Although nested struct and enum definitions can be useful in C++, they're not much help in C. Given the variation in rules for nested definitions, your safest bet is to avoid nested definitions in C-.
Odds And Ends
C discards extra characters in a string initializer. For instance, C ignores the \0 at the end of "Dan" in
char name[3] = "Dan";C++ refuses to turns its back on defenseless characters. You must write the initializer as
char name[3] = {'D', 'a', 'n'};or face the wrath of the compiler.In C, sizeof('a') equals sizeof(int), but in C++, sizeof('a') equals sizeof(char). I have yet to encounter a situation in C- where this makes a difference. Please let me know if you find one.
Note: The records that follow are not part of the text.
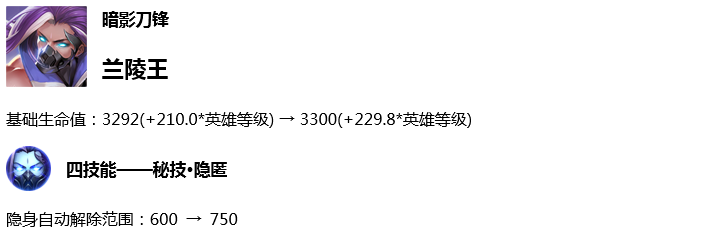 20190825215251.1566741239.fe4ac16bdefabde7709786965410b731.701x236_31808.jpg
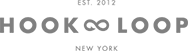 Hook & Loop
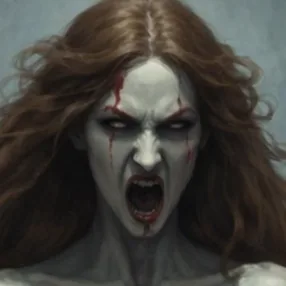Lamia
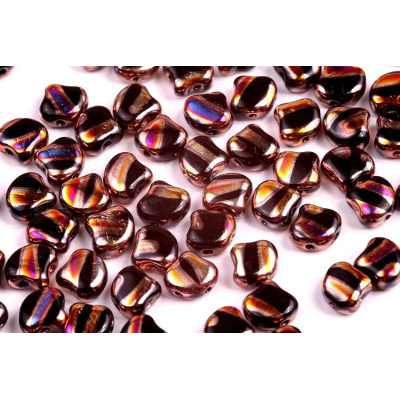 MATUBO GINKO č. 323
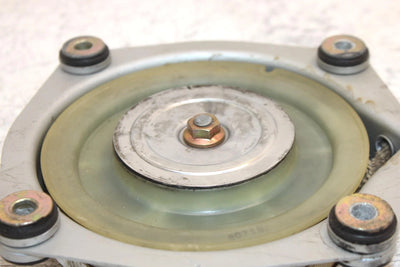 1997 Yamaha Vmax Sx 700 Triple Oem Starter Recoil 8CH-15711-00-00 SY10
A Step In The Right Direction
To a large extent, writing your C code so that it also compiles as C++ imposes no restrictions on the expressive power of C. Rather, it forces you to abandon poor coding practices, most of which are already considered obsolete by the C standard. The resulting code is just as efficient, but a little safer than Standard C, thanks to C++'s more rigorous type checking. By writing in C-, you are paving the road to the future. You can step up to a better C whenever you're ready.
References
[1] Ellis, Margaret A. and Stroustrup, Bjarne, The Annotated C++ Reference Manual. Addison-Wesley, Reading, MA, 1990.[2] Gimpel, Jim, "C-," The C Gazette, 4:4, Summer 1990.
[3] Ritchie, Dennis M. and Kernighan, Brian W., The C Programming Language. Prentice-Hall, Englewood Cliffs, NJ, 1978.
[4] AT&T C++ Language System Release 2.1 Product Reference Manual, AT&T, 1989.